Les juges n'ont évidemment pas vu d'un très bon oeil l'arrivée de ce drôle d'oiseau sous leurs fenêtres et se sont mis à le sanctionner durement dans leurs notes. La Fédération suisse de ski a même menacé de l'exclure de l'équipe nationale s'il ne renonçait pas à sa «lubie» (c'est ainsi qu'elle avait nommé la chose), mais c'était mal connaître le tempérament de cet apprenti plombier et chauffagiste.

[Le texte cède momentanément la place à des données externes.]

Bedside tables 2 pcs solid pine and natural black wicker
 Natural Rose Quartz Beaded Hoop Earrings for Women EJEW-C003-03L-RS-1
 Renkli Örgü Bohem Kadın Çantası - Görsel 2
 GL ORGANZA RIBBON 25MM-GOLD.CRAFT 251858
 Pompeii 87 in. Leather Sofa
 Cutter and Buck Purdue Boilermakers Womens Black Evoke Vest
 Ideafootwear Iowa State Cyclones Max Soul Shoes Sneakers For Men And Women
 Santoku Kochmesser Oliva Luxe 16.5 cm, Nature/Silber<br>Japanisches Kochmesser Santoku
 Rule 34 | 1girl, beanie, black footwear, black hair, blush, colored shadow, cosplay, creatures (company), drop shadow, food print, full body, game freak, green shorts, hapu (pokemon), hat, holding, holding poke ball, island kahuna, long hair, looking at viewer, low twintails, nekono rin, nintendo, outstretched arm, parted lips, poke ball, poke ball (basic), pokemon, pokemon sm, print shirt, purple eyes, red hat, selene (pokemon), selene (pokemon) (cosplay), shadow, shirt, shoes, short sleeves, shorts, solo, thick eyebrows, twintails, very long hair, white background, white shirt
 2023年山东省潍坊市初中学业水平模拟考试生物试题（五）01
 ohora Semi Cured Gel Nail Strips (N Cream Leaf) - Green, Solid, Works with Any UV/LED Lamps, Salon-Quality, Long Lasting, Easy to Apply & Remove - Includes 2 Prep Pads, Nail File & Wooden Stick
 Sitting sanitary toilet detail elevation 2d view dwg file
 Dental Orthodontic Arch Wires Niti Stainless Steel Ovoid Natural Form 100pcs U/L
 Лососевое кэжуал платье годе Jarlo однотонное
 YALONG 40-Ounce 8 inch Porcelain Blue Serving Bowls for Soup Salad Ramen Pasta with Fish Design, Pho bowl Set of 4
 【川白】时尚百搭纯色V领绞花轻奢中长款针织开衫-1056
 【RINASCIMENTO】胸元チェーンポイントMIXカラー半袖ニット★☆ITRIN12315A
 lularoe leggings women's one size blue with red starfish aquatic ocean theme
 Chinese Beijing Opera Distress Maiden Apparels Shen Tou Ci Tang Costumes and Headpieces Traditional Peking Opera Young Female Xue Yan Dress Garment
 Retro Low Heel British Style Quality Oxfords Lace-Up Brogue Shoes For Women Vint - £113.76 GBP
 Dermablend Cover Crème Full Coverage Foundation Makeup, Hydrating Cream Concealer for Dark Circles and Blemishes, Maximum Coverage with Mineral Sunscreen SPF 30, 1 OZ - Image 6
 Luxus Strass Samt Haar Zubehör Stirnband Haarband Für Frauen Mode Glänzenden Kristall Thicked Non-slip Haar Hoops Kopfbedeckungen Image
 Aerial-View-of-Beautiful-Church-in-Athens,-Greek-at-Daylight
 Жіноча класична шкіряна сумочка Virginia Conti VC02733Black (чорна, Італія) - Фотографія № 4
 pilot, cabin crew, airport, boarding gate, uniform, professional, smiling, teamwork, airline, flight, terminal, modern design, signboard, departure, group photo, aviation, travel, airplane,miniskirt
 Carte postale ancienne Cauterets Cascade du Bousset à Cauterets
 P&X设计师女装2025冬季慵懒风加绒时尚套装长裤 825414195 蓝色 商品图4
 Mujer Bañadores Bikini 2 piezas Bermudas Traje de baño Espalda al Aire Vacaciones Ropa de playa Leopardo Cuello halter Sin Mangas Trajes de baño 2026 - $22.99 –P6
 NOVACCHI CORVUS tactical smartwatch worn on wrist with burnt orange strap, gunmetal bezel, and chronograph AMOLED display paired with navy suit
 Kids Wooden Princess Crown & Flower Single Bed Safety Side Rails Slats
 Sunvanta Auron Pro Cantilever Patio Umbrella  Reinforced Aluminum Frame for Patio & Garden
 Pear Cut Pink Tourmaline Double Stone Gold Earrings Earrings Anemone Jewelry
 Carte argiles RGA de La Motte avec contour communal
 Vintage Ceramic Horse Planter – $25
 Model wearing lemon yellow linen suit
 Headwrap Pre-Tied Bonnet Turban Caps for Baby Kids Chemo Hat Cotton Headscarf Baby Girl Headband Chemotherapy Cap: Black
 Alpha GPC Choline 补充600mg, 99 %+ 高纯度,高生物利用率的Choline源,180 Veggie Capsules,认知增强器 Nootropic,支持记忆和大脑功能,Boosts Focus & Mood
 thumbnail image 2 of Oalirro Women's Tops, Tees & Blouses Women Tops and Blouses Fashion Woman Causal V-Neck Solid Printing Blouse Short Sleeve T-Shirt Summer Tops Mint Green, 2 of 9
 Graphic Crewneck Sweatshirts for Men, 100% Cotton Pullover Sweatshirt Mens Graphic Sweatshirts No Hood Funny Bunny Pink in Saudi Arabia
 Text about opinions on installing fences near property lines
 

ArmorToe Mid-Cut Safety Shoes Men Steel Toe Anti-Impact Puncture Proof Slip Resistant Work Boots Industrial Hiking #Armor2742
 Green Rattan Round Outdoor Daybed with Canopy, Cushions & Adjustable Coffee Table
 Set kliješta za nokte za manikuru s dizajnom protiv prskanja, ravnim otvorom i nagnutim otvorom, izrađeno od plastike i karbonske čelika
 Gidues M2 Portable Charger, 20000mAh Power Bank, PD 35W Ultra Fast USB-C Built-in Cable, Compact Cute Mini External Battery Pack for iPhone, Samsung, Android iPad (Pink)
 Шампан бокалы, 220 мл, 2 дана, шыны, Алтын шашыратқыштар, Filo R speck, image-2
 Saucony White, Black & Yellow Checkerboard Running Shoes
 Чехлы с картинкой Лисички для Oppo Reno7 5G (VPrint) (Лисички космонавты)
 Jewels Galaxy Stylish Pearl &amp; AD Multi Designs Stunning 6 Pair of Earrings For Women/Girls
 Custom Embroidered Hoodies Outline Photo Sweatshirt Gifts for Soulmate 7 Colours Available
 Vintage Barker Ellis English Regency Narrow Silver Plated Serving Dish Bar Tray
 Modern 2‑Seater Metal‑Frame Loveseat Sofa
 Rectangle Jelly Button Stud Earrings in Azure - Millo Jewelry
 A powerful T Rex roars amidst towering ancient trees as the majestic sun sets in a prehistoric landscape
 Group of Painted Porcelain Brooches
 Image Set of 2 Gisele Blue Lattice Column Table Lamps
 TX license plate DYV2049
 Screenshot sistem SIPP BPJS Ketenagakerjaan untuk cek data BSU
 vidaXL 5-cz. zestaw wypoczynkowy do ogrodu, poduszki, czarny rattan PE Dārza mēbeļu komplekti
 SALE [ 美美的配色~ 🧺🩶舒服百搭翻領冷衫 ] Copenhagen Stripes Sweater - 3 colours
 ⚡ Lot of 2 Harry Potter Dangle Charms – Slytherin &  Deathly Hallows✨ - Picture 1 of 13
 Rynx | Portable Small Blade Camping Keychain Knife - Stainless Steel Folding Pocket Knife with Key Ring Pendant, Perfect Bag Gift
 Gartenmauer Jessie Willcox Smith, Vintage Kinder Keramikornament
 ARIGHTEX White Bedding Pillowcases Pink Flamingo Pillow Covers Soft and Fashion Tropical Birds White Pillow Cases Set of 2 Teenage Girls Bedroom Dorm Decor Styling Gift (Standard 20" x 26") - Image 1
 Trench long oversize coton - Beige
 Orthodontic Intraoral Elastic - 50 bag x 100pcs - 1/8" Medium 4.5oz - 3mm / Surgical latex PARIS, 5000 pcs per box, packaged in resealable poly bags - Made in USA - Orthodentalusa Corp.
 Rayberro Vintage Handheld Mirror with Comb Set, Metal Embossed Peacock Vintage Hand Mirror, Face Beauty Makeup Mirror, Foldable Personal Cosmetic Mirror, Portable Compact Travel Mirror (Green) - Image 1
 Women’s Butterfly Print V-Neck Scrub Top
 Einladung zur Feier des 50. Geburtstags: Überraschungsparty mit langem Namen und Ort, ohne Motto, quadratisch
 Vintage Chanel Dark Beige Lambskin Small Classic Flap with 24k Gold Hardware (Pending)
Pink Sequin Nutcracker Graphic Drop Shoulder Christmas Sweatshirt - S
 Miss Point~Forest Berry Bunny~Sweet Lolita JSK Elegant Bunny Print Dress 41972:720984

Andreas Däscher s'est associé à l'ingénieur aéronautique suisse Reinhard Straumann afin de démontrer que sa technique était plus efficace que celle de ses congénères. Les deux hommes ont réalisé des essais en soufflerie avant de soumettre leurs résultats à la Fédération internationale de ski. Celle-ci a bien été obligée de reconnaître que la «technique Däscher» permettait une meilleure stabilité en vol et des sauts de plus grande envergure, et elle a ainsi accepté de modifier ses règlements en 1958.
C'est ainsi en changeant la façon même de pratiquer son sport qu'Andreas Däscher «est entré dans le dictionnaire historique de la Suisse» (Tages-Anzeiger), un honneur qu'il n'aurait jamais pu obtenir par ses résultats sur les tremplins.
Certes il a remporté neuf titres nationaux, établi un record du monde de distance à Oberstdorf (130m en 1950) et défilé comme porte-drapeau de la délégation suisse aux JO de Squaw Valley en 1960, mais les champions de son sport sont jugés à l'aune de leurs médailles olympiques et Däscher n'en a remporté aucune lors des quatre olympiades auxquelles il a participé (son meilleur résultat a été une 6e place sur le grand tremplin en 1956).
Il laissera pourtant quelque chose de grand et d'inestimable en héritage, une technique qui lui survivra au terme de sa carrière et jusqu'au milieu des années 1980, lorsque la révolution des «skis en V» sera popularisée par l'esprit créatif d'un autre pionnier: le Suédois Jan Boklöv. Les bras sont toujours le long du corps mais les skis ne sont plus parallèles.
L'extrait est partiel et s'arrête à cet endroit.